═════ Task data

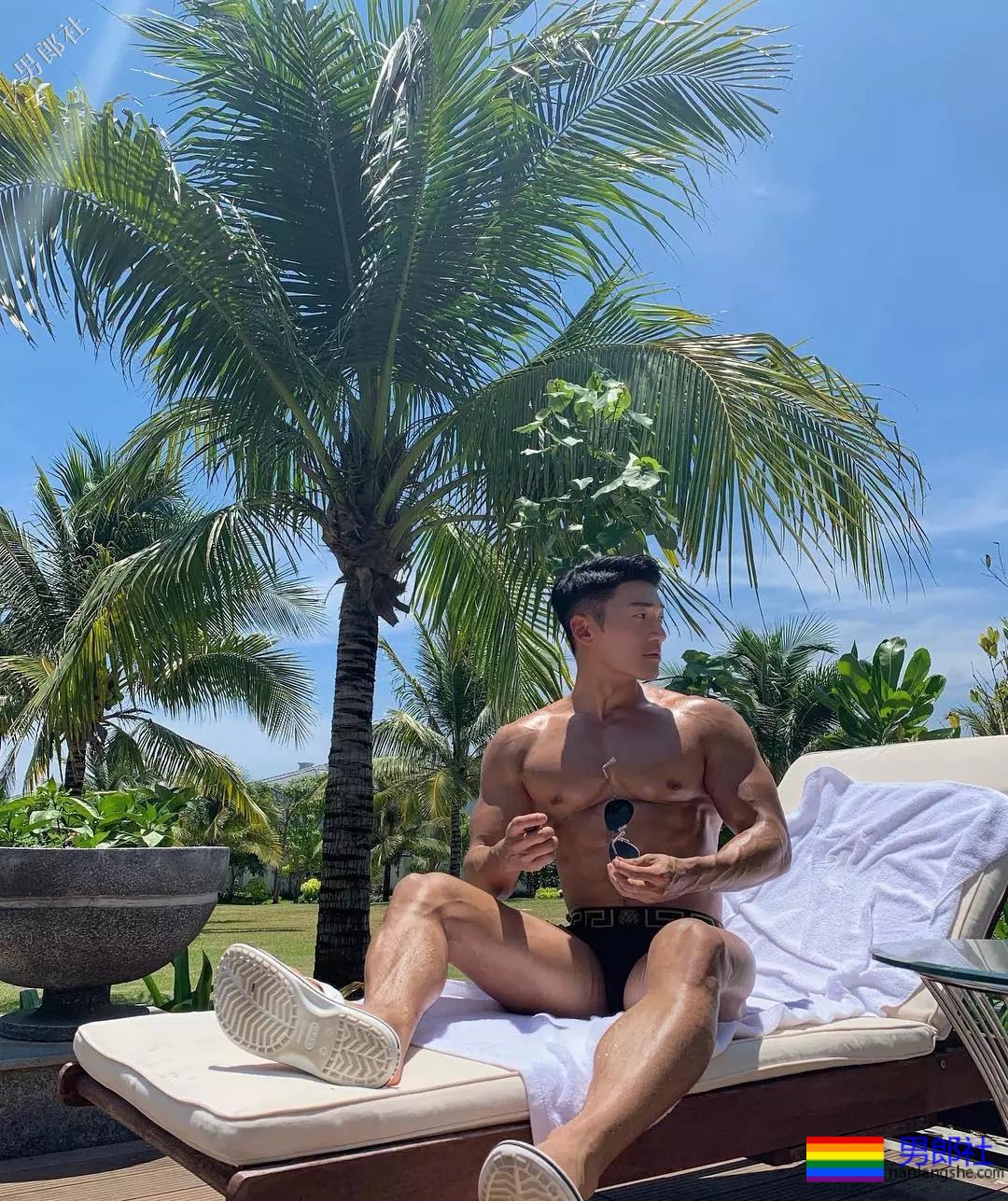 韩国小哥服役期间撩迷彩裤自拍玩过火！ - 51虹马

══════════
═════ Task data

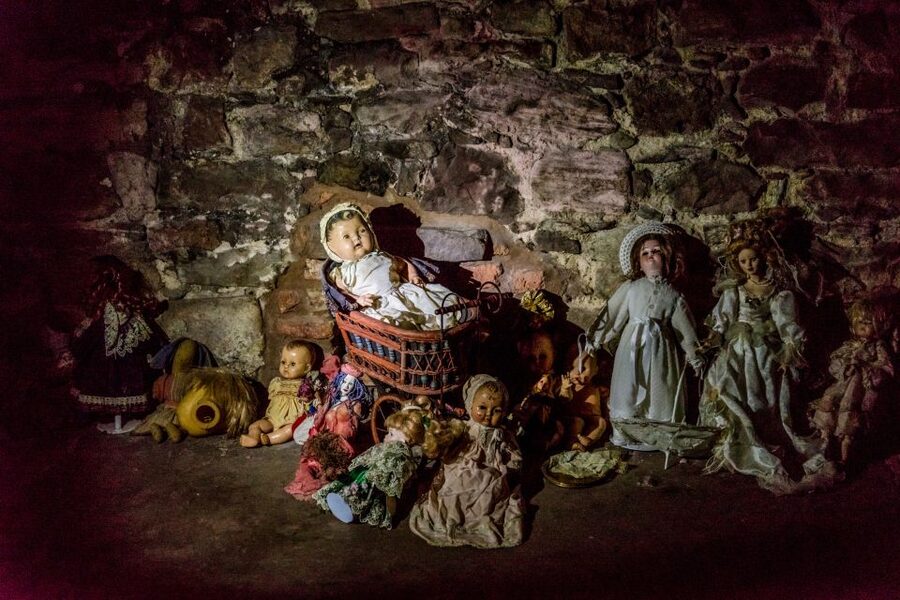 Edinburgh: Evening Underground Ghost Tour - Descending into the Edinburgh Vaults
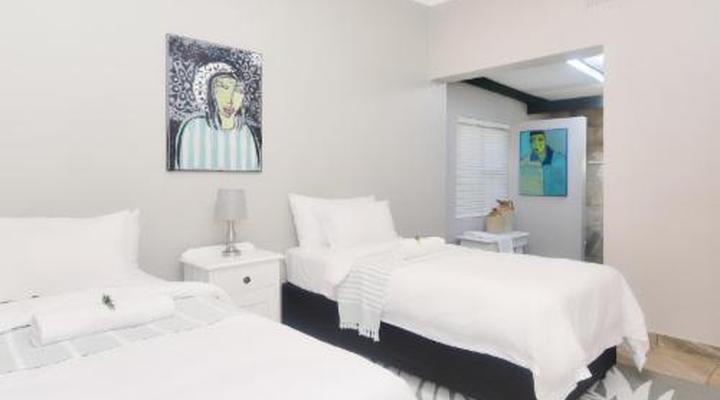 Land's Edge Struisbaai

══════════

● Assignment
Pictures aside, return exactly the lines from the data above, starting at the line that has "Edinburgh: Evening Underground" and ending at the line that has "Land's Edge Struisbaai", both included.

● Answer to this exercise
 Edinburgh: Evening Underground Ghost Tour - Descending into the Edinburgh Vaults
 Land's Edge Struisbaai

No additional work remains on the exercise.